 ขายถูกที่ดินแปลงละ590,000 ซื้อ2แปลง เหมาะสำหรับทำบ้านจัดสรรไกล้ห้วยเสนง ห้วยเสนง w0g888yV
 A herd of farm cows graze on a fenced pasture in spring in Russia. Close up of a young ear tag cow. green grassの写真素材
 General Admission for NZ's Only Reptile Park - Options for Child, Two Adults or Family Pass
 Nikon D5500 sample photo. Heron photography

********************

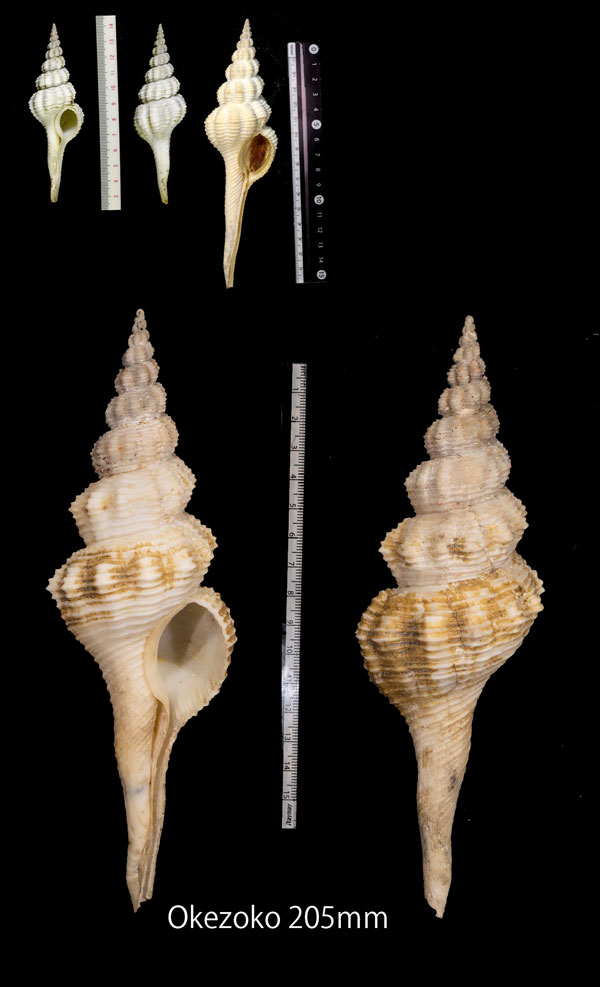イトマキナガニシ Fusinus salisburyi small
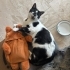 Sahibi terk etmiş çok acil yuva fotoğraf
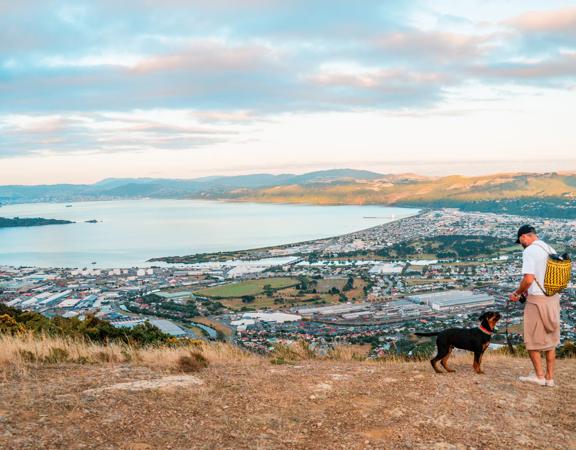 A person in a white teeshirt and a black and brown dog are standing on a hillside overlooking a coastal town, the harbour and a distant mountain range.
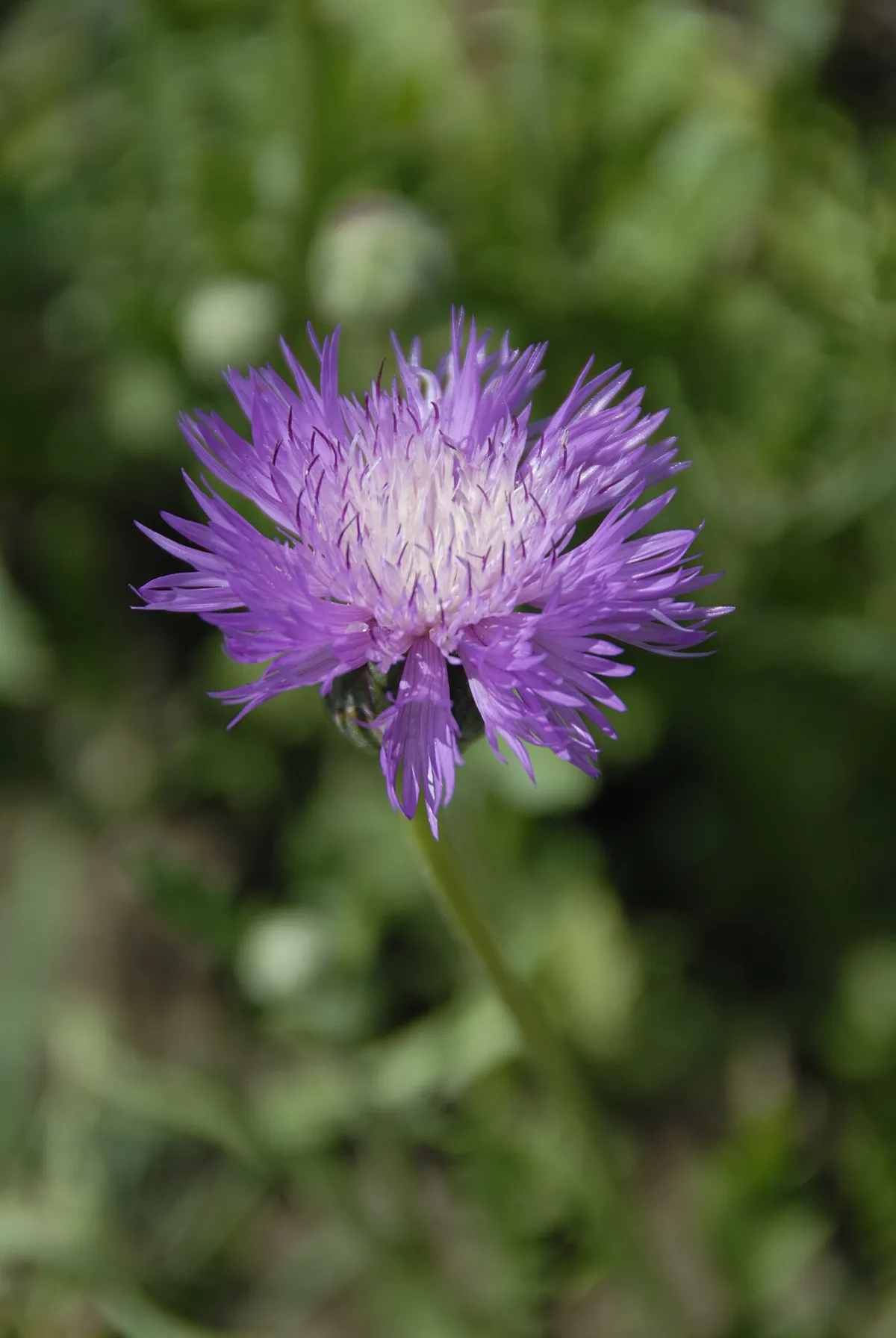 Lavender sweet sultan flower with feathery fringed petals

********************

▸ **What is expected**
Starting at the line containing "A person in" and stopping at the line containing "Lavender sweet sultan", output every line above exactly, both ends included, with pictures omitted.

▸ **Response below**
 A person in a white teeshirt and a black and brown dog are standing on a hillside overlooking a coastal town, the harbour and a distant mountain range.
 Lavender sweet sultan flower with feathery fringed petals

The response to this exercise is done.